I read that someone overclocked a E1400 (1.4 gzh) to (3.2 gzh)...
I do not think I would go that far...Question is...How far can you overclock safely. Exaple I need to buy a E1200...E2140...E2160...E2180...or a E2200 can be overclocked over (3 gzh) The other question is there a percentage of overclocking? Exaple a safe overclock is a 10%...20%...30%...90% gain or more.
No there is no such thing as a safe percentage to overclock or anything along those lines. More or less to keep it simple, as long as you are able to keep it in the recomended voltage/temp range under extreme conditions (stress testing, on a hot day in your house) than I would call it a good. That is considering if you can make it nice and stable during that process.
And just so you get an idea on how the whole GHZ thing comes into play in OC, a really simple version again.
FSB x Multiplier = speed (ghz)
Manufacturers usually lock the multiplier lower usually to decrease the speed so they can have multiple models, for the sake of argument lets say we have 2 processors in the same family, their the same processor but have different multipliers say one with a multiplier of 8 and one with a multiplier of 12 (e2140, e2220 multipliers I chosen specifically). Thier FSB is 200, so your going to have a speed of 1.6ghz and 2.4ghz. Now there are 2 ways from what I showed you above to make it faster increase the FSB or the Multiplier, since the multiplier is out of the question since its locked, we shall pump up the FSB. Lets say we managed to increase the FSB to 400 on the first one granting us a speed of 3.2ghz and keep it stable. Now we tried it with the other chip with the higher multiplier but it was unstable since it was clocked at 4.8ghz and we hit a wall where the chip wouldn't exceed, which may be a FSB/Multiplier/Heat/Voltage wall, it doesn't matter.

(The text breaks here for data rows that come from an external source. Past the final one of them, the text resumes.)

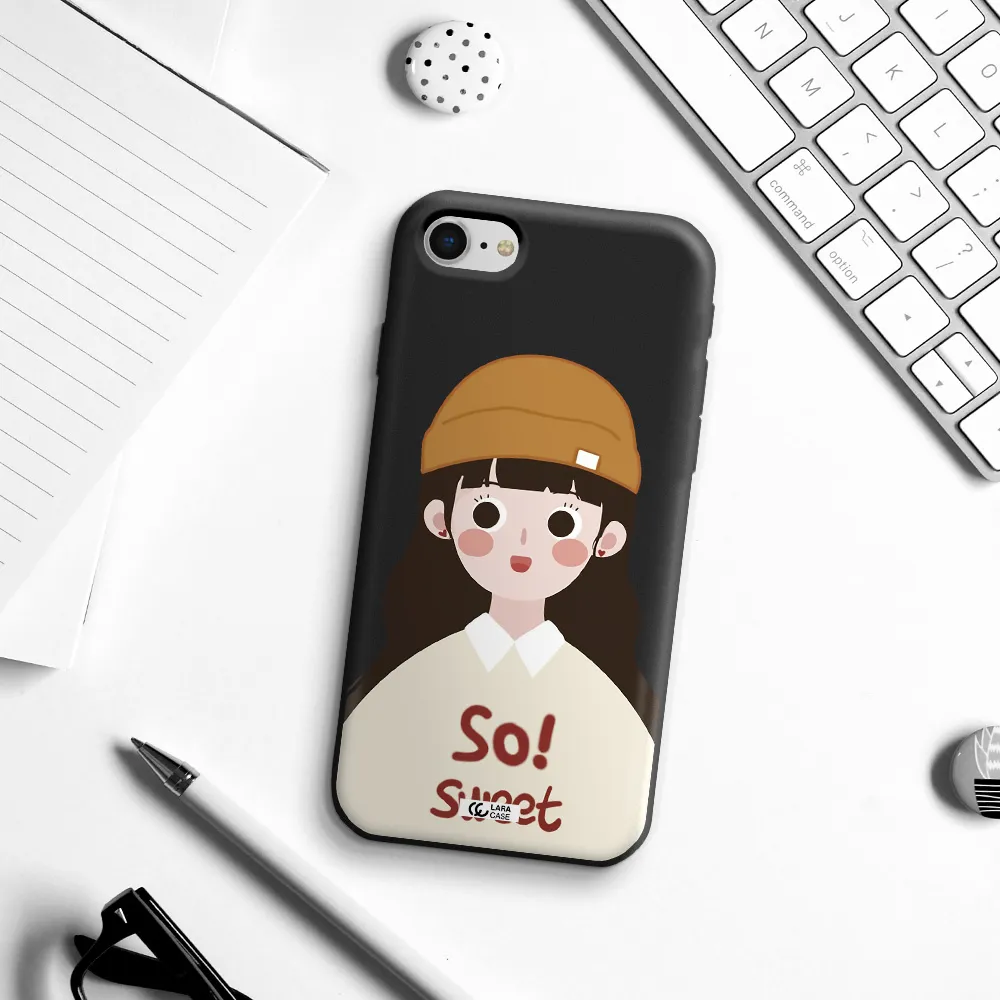 a cartoon of a girl with brown hair Apple iPhone se 2020 Silicone black Case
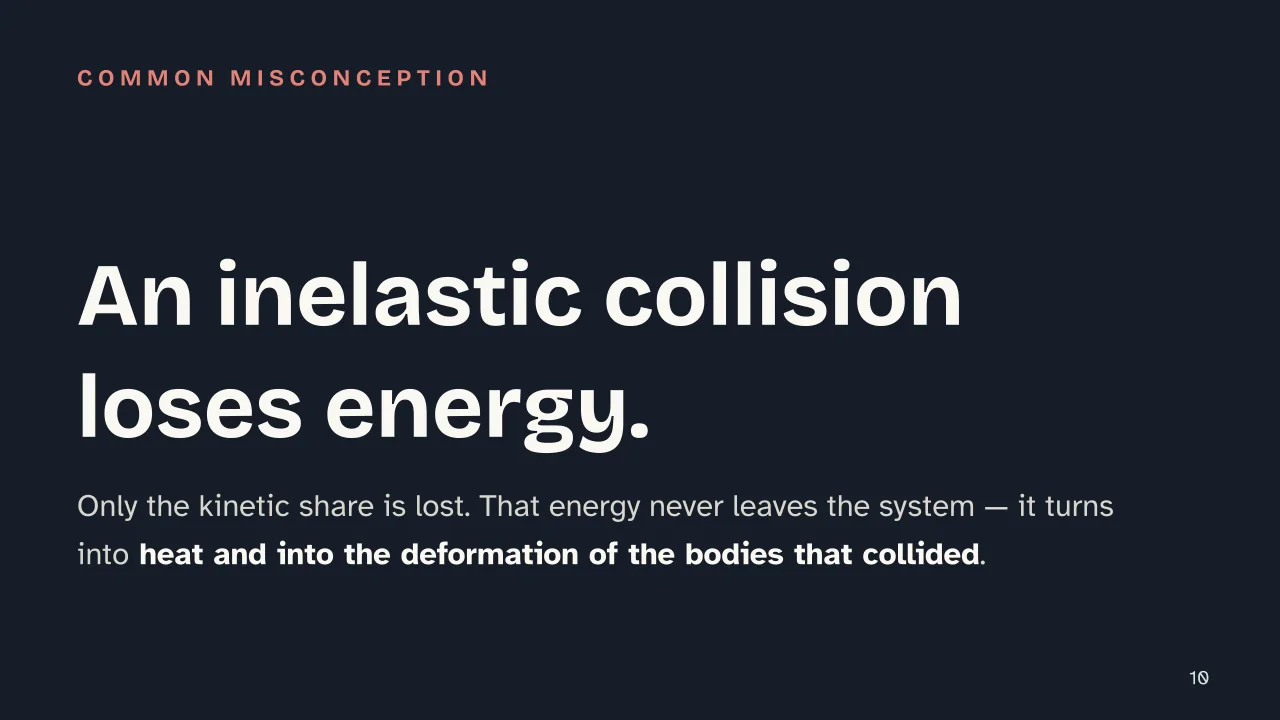 Slide 10 of the presentation on Elastic Collision vs. Inelastic Collision: An inelastic collision loses energy.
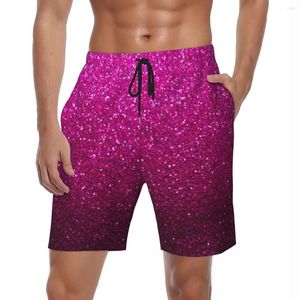 Heren shorts badpak metallic glitter printplaat zomer roze glitters korte broek mannelijke surf comfortabele zwembroek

So now we have to back down till we get it stable, and we may just get lucky and get it to be in the same range as the e2140 or higher or if were unlucky it actually be slower.
So it's a good idea to research what your buying and how it overclocks if that is your intention. But just so you know the family of chips you mentioned would OC to around 3-3.2ghz on average which most people find to be the sweet spot. I currently have my e2180 OC to 3ghz with a pretty low voltage and only brought up my temp slightly, and thats only because of a poor rear ventalation where the case blocks 50% of the airflow in the rear vent.
Though I also recomend looking into the e5200 which is a newer low end chip brought in by intel if you in the market for a new low end chip, its a newer chip based on the wolfendale's and you can clock them quite high. You probably be able to get 4ghz out of one of those if you really wanted, and since it has a 12.5 multiplier that part wouldnt be part of the problem. Though there is no telling how long it would last at such speed, you need to look up how long chips in that particular family have lasted so far to get an idea.
Oh and read the OC guide that is stickied on intel dual/quad cores, it contains a lot of useful info.
Yeah just make sure it's the right CPU you want and it can OC to where you want it to, it's hit or miss if you are able to reach that speed. And just so you know there is a chance you may screw something up and fry something in your computer, most likely your cpu if you screw up, so take that into consideration and research how to OC properly (quite thoroughly). And when I mentioned I hardly raised my CPU temps, that is because im using an after market heatsink which works better than the stock heatsink that intel provides you with which doesn't give you much room to OC, if at all.